Os cartões, disse ele, seriam retidos por segurança. Então ele me dispensou, sem levantar nem apertar as mãos como fazia quando entrei. Pelo que sei, as cartas ainda estão nas mãos da Gestapo. Eu nunca mais os vi.

Quando ele partiu para Viena, Adolf Hitler estava destinado a desaparecer de nossas vidas por muitos anos. Ele não tinha amigos em Linz a quem pudesse voltar para visitar e poucos com quem pudesse trocar correspondência. Portanto, foi muito mais tarde que soubemos de sua pobreza miserável naqueles dias e de sua subsequente mudança para Munique em 1912 [na verdade, em maio de 1913].
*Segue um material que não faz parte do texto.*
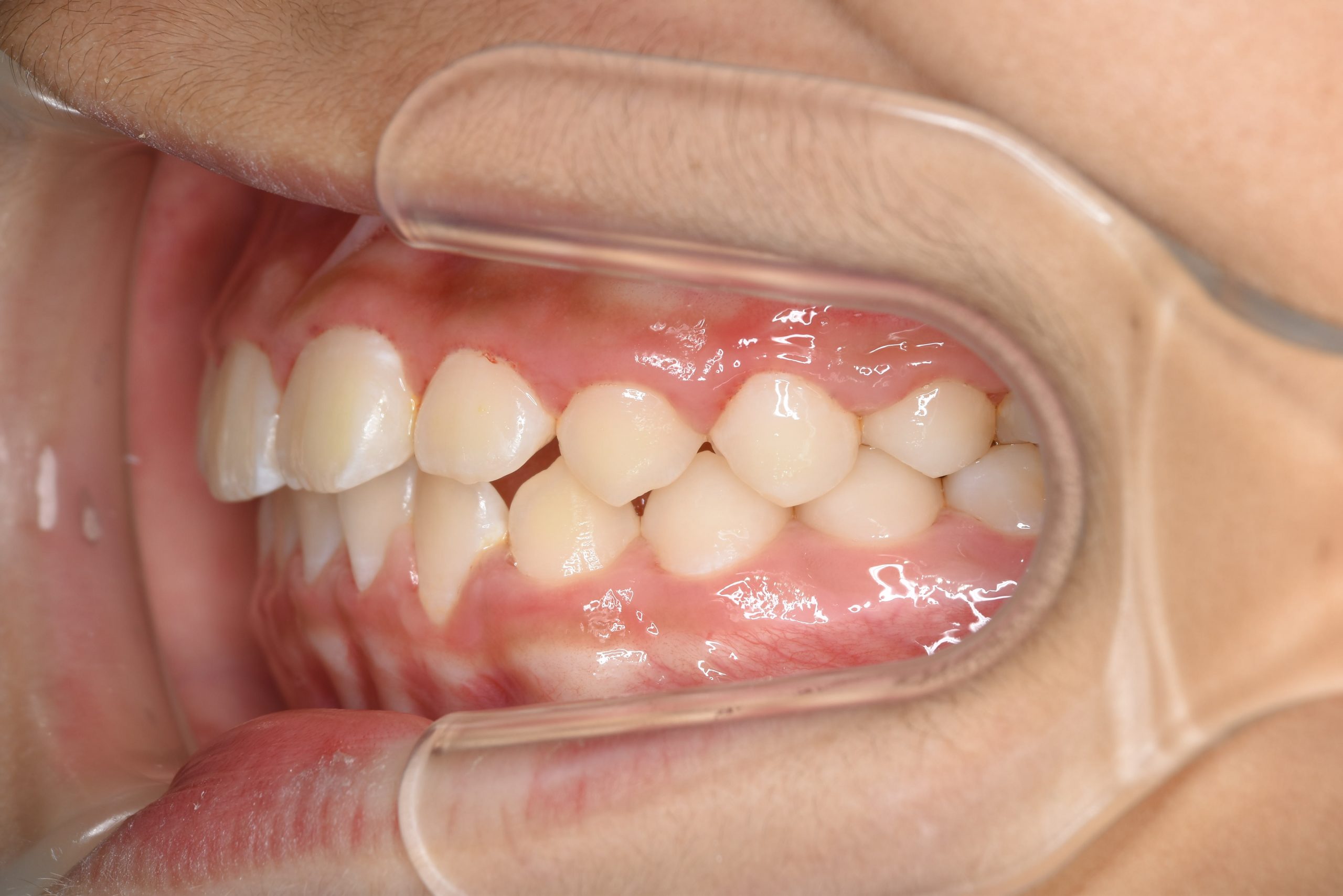 全顎ワイヤー矯正　症例_276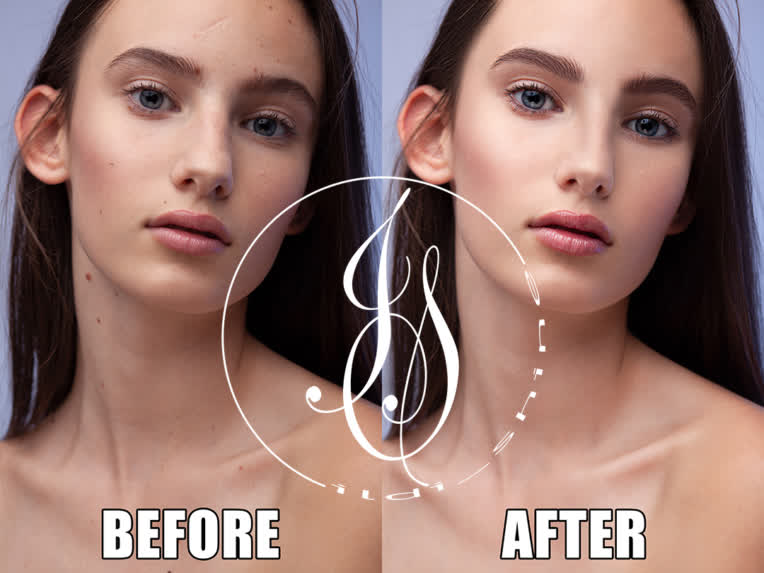 S 1 B&A.jpg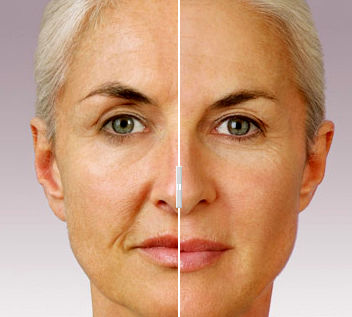 این ژل طبیعی پوست شما را جوان می کند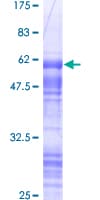 Human CRD / CRX Protein (Recombinant GST)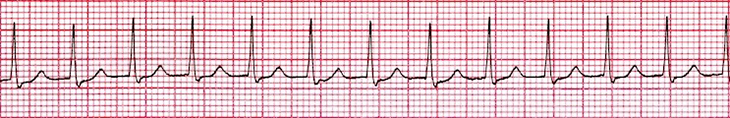 ECG Atrioventricular Nodal Reentry Tachycardia (AVNRT), re-entry of AV junction, supraventricular tachycardia (SVT) arrhythmia
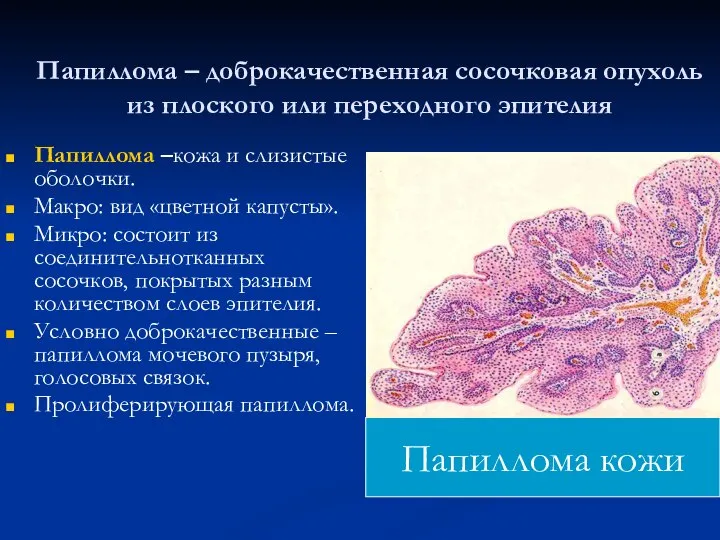 Папиллома – доброкачественная сосочковая опухоль из плоского или переходного эпителия Папиллома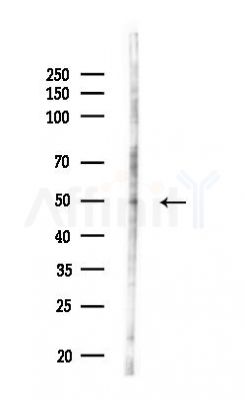 RARG Antibody - Western blot analysis of lysates from HUVEC cells(LPS,4h treatment), using RARG Antibody at 1/1000 dilution.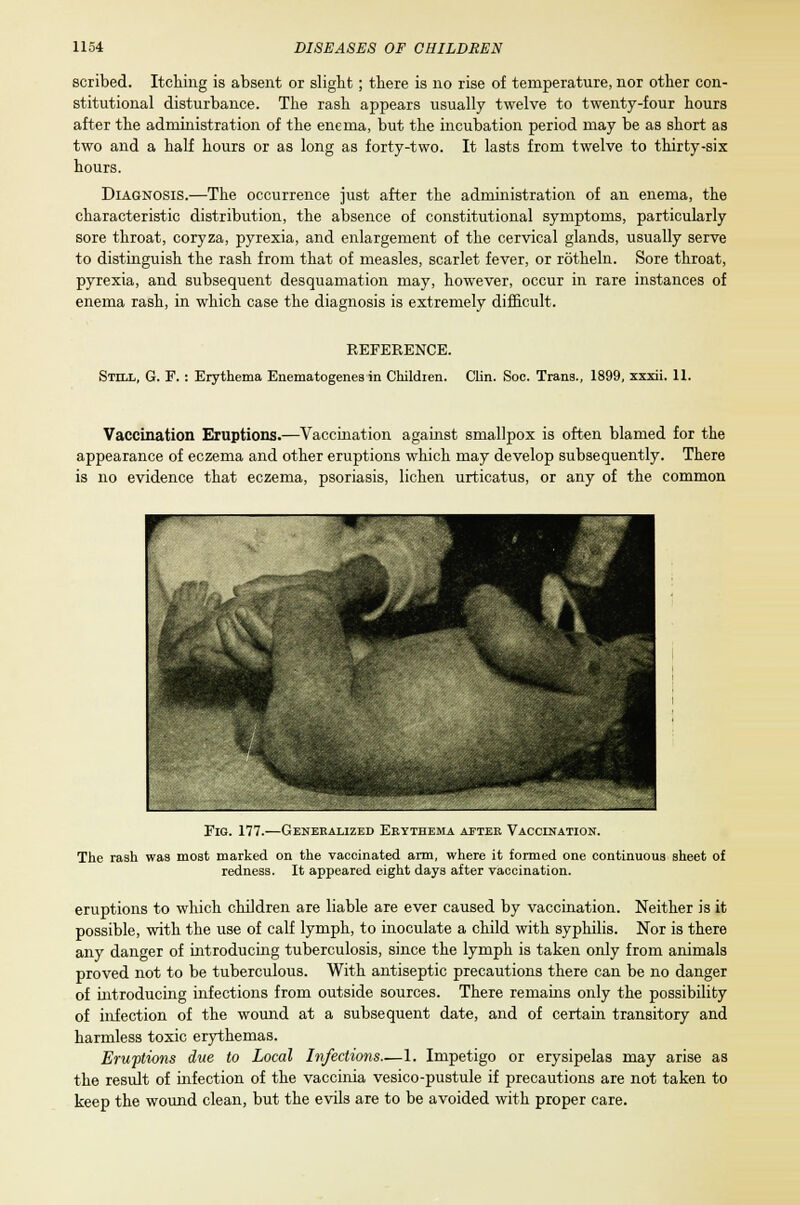 scribed. Itching is absent or slight; there is no rise of temperature, nor other con- stitutional disturbance. The rash appears usually twelve to twenty-four hours after the administration of the enema, but the incubation period may be as short as two and a half hours or as long as forty-two. It lasts from twelve to thirty-six hours. Diagnosis.—The occurrence just after the administration of an enema, the characteristic distribution, the absence of constitutional symptoms, particularly sore throat, coryza, pyrexia, and enlargement of the cervical glands, usually serve to distinguish the rash from that of measles, scarlet fever, or rotheln. Sore throat, pyrexia, and subsequent desquamation may, however, occur in rare instances of enema rash, in which case the diagnosis is extremely difficult. REFERENCE. Still, G. F. : Erythema Enematogenes in Childien. Clin. Soc. Trans., 1899, xxxii. 11. Vaccination Eruptions.—Vaccination against smallpox is often blamed for the appearance of eczema and other eruptions which may develop subsequently. There is no evidence that eczema, psoriasis, lichen urticatus, or any of the common Fig. 177.—Generalized Erythema after Vaccination. The rash was most marked on the vaccinated arm, where it formed one continuous sheet of redness. It appeared eight days after vaccination. eruptions to which children are liable are ever caused by vaccination. Neither is it possible, with the use of calf lymph, to inoculate a child with syphilis. Nor is there any danger of introducing tuberculosis, since the lymph is taken only from animals proved not to be tuberculous. With antiseptic precautions there can be no danger of introducing infections from outside sources. There remains only the possibility of infection of the wound at a subsequent date, and of certain transitory and harmless toxic erythemas. Eruptions due to Local Infections—1. Impetigo or erysipelas may arise as the result of infection of the vaccinia vesico-pustule if precautions are not taken to keep the wound clean, but the evils are to be avoided with proper care.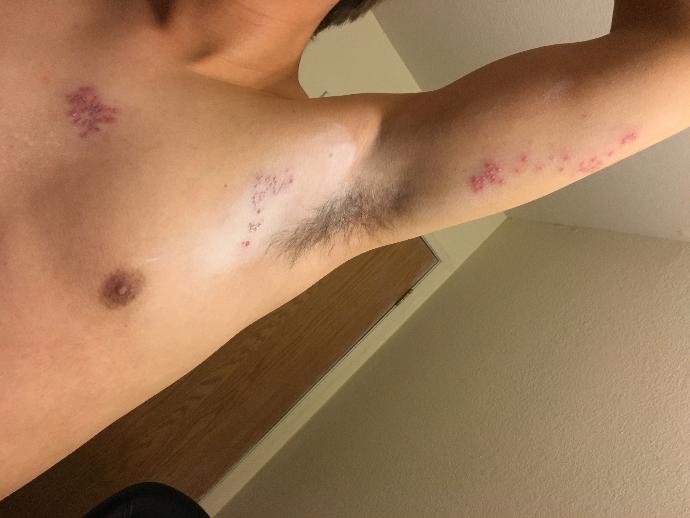 (Warning!! Pics)  Blistering, Burning, Painful Rashes forming on Upper body?<br />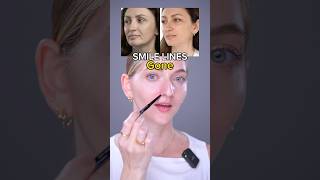 smile lines gone  Face Fitness  Facial Yoga  Face Massage  Face Work Out [upl. by Lynus]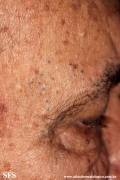 favre-racouchot syndrome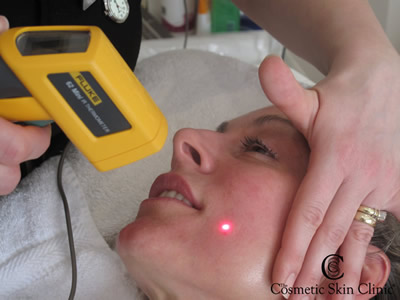 Suzzane Dando - Pelleve Treatment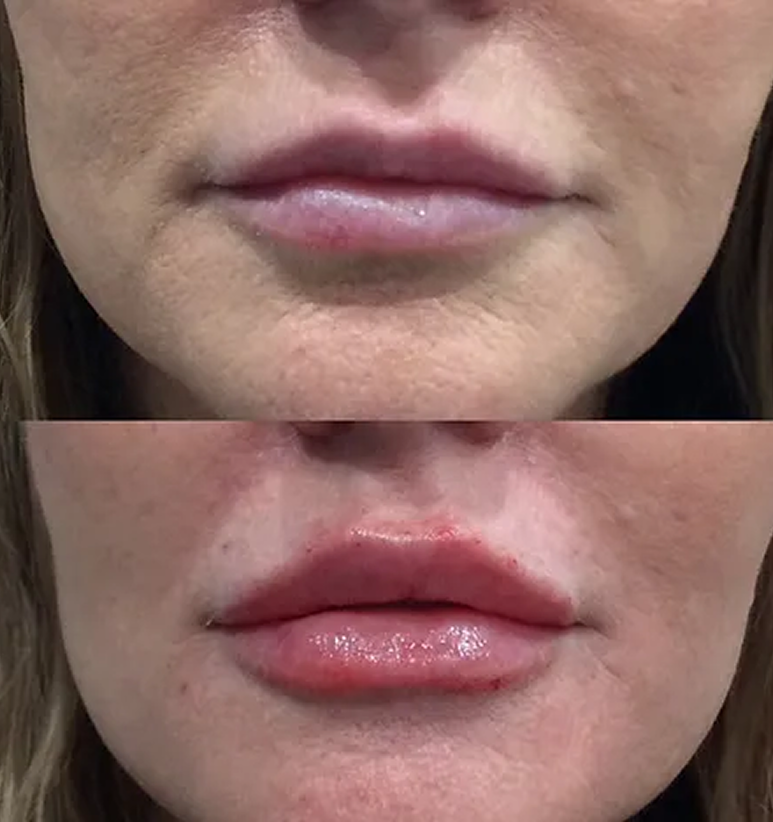 Lip Filler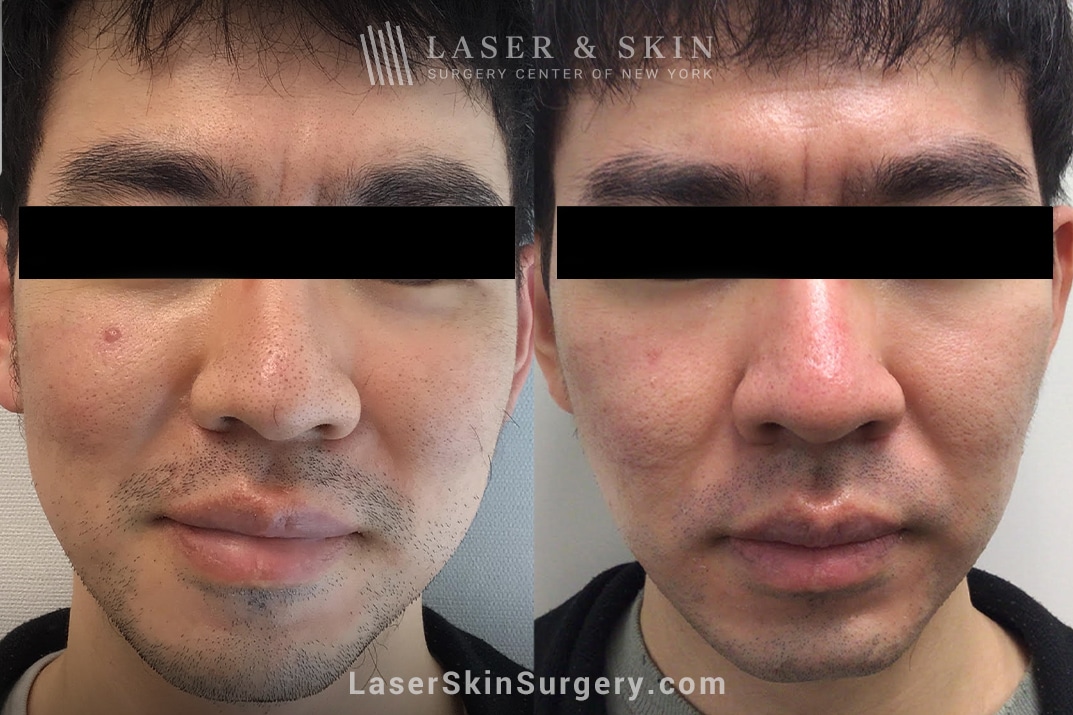 LSSCNY-NYC-Fraxel-laser-for-nose-pores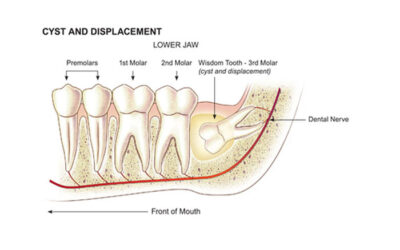 Dental Offices Located in Robertsdale AL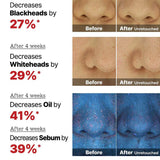 The AHA 2 BHA 2 Blemish Treatment Serum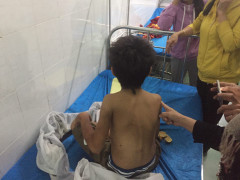 Cha ruột nhậu say, đánh đập dã man bé trai 11 tuổi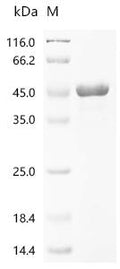 (Tris-Glycine gel) Discontinuous SDS-PAGE (reduced) with 5% enrichment gel and 15% separation gel.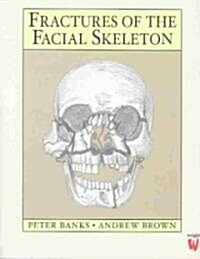 Fractures of the Facial Skeleton (Paperback)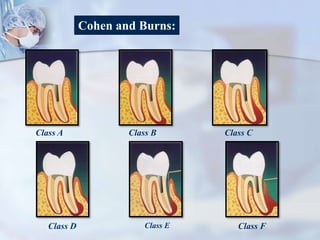 Cohen and Burns:
Class A Class B Class C
Class D Class E Class F
 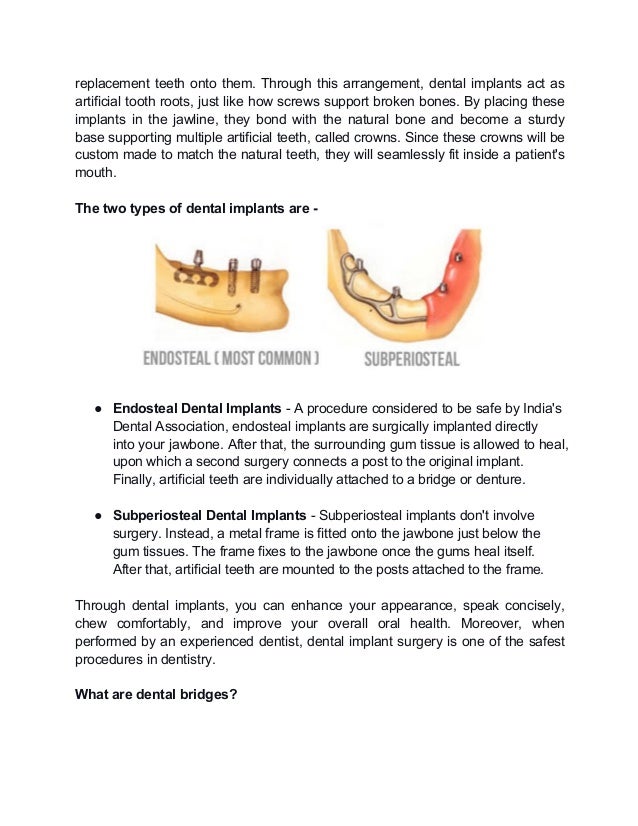 What are the differences between dental implants and bridges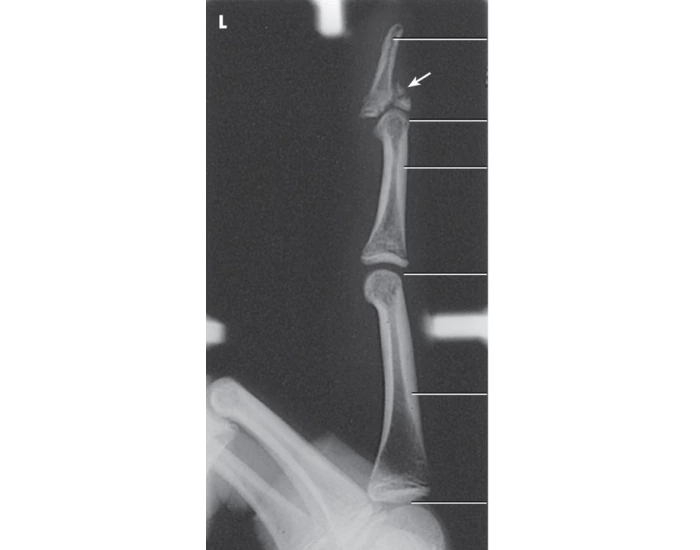 3rd Digit X Ray Routine Lateral Digit Xray Quiz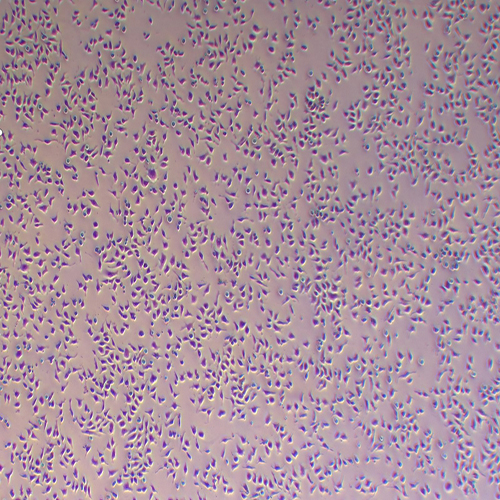 LMH鸡肝癌细胞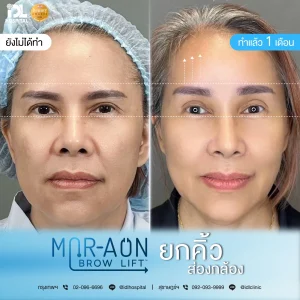 รีวิวลูกค้าที่ทำศัลยกรรมยกคิ้ว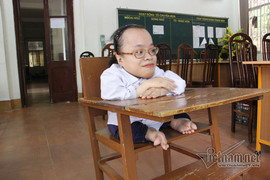 Cô bé nhiễm chất độc da cam từ chối đặc cách, quyết 'vượt vũ môn'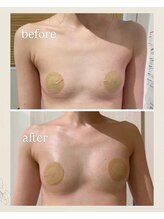 アンフィルミエール 新宿店(infirmiere)/バストアップ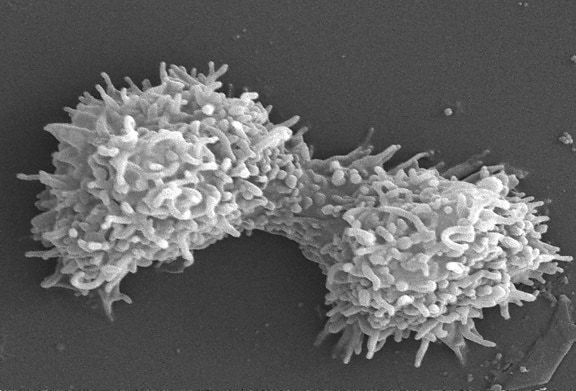 twee acanthamoeba polyphaga, protozoa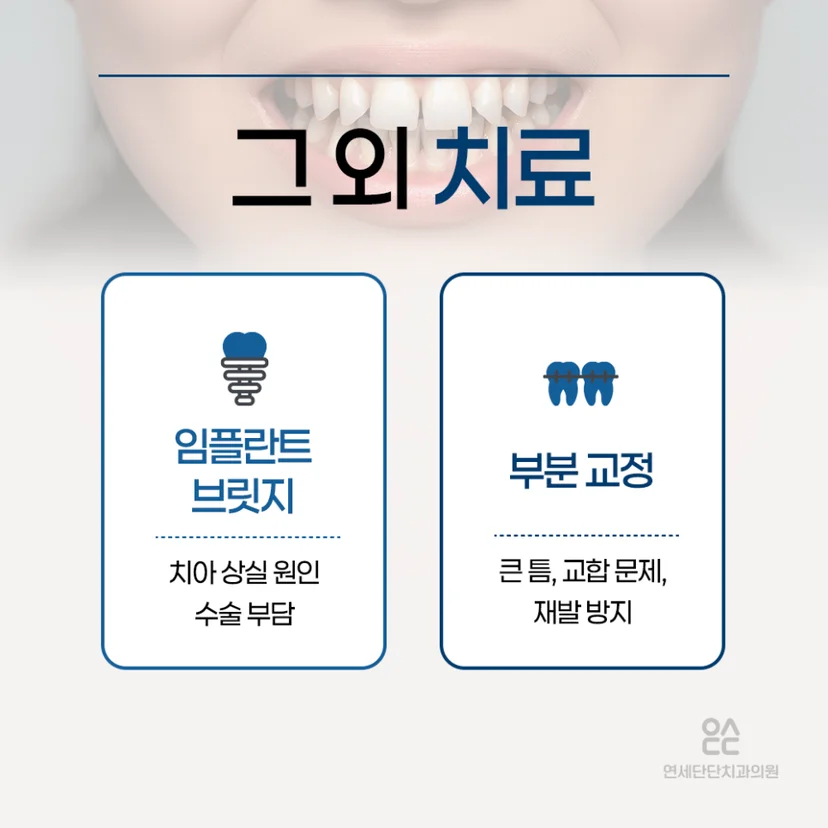 앞니 벌어짐 치료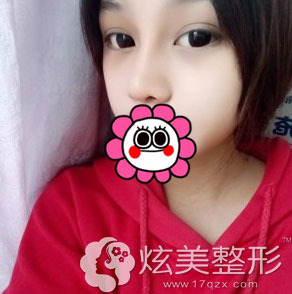 ���ۺ�����һ����Ч��ͼ������������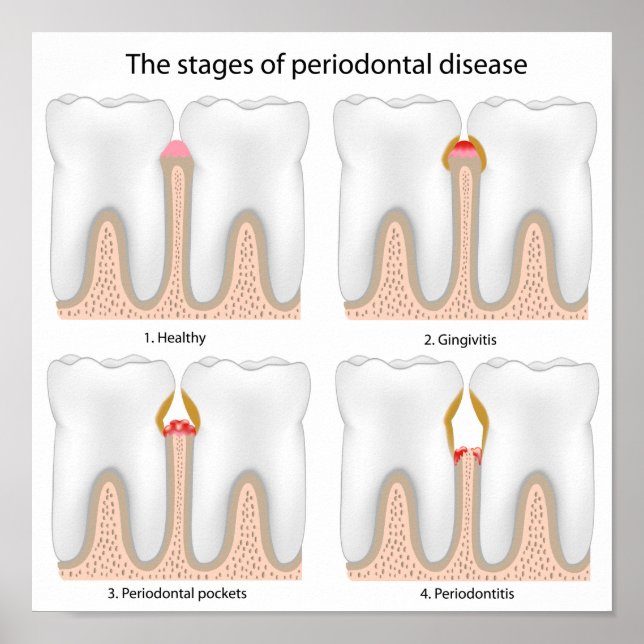 Póster Poster de la enfermedad periodontal dental (Frente)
Nenhuma notícia voltou da maneira como ele caiu de joelhos e agradeceu a Deus quando a guerra foi declarada em 1914; e nenhuma notícia de seu serviço de guerra como cabo da 16ª Infantaria da Reserva da Baviera. Não ouvimos nada sobre ele ser ferido e gaseado. Somente no início de sua carreira política, em 1920, é que recebemos novamente a notícia desse menino tranquilo e educado que cresceu entre nós.

Poderia ser Adolf?

Ocasionalmente, os jornais locais publicavam artigos sobre o grupo de apoiadores políticos que Hitler estava reunindo sobre si mesmo em Munique; histórias de seu ódio aos judeus, da Paz de Versalhes, de quase todo o resto. Mas nenhuma importância particular foi atribuída a essas atividades. Só quando vinte pessoas morreram no golpe de rua de 8 de novembro de 1923, Hitler alcançou notoriedade local. Seria possível, perguntei a mim mesmo, que o homem por trás dessas coisas fosse o menino quieto que conheci – o filho da gentil Klara Hitler?

Eventualmente, até mesmo a menção do nome de Hitler na imprensa austríaca foi proibida; ainda assim, continuamos a receber notícias boca a boca de nosso ex-cidadão: histórias das perseguições que ele havia iniciado; do rearmamento alemão; da guerra que estava por vir. Essas notícias contrabandeadas alcançaram ouvidos atentos. Um partido nazista local surgiu.

Em teoria, tal partido não poderia existir; fora proibido pelo governo. Na prática, as autoridades deram suas bênçãos. Sem uniformes, os nazistas locais adotaram métodos de identificação para todos. Eles usavam meias brancas. Em seus casacos, eles usavam uma pequena flor silvestre, muito parecida com a margarida americana, e na época do Natal eles queimavam velas azuis em suas casas.

Todos nós sabíamos dessas coisas, mas nada foi feito. De vez em quando, as autoridades locais encontravam uma bandeira nazista no túmulo de Klara Hitler em Leonding e a removiam sem cerimônia. Ainda assim, a tempestade que se formava na Alemanha parecia remota. Demorou um pouco antes de receber qualquer palavra em primeira mão de Adolf Hitler. Então, em 1937, vários nazistas locais compareceram à conferência do partido em Nuremberg. Após a conferência, Hitler convidou várias dessas pessoas para acompanhá-lo à sua vila na montanha em Berchtesgaden. O Fuehrer pediu notícias de Lins. Como foi a cidade? As pessoas estavam lá apoiando-o? Ele pediu notícias minhas. Eu ainda estava vivo, ainda praticando? Em seguida, ele fez uma declaração irritante para os nazistas locais. “Dr. Bloch”, disse Hitler, “é um Edeljude – um nobre judeu. Se todos os judeus fossem como ele, não haveria nenhuma questão judaica.” Era estranho, e de certo modo lisonjeiro, que Adolf Hitler pudesse ver o bem em pelo menos um membro de minha raça.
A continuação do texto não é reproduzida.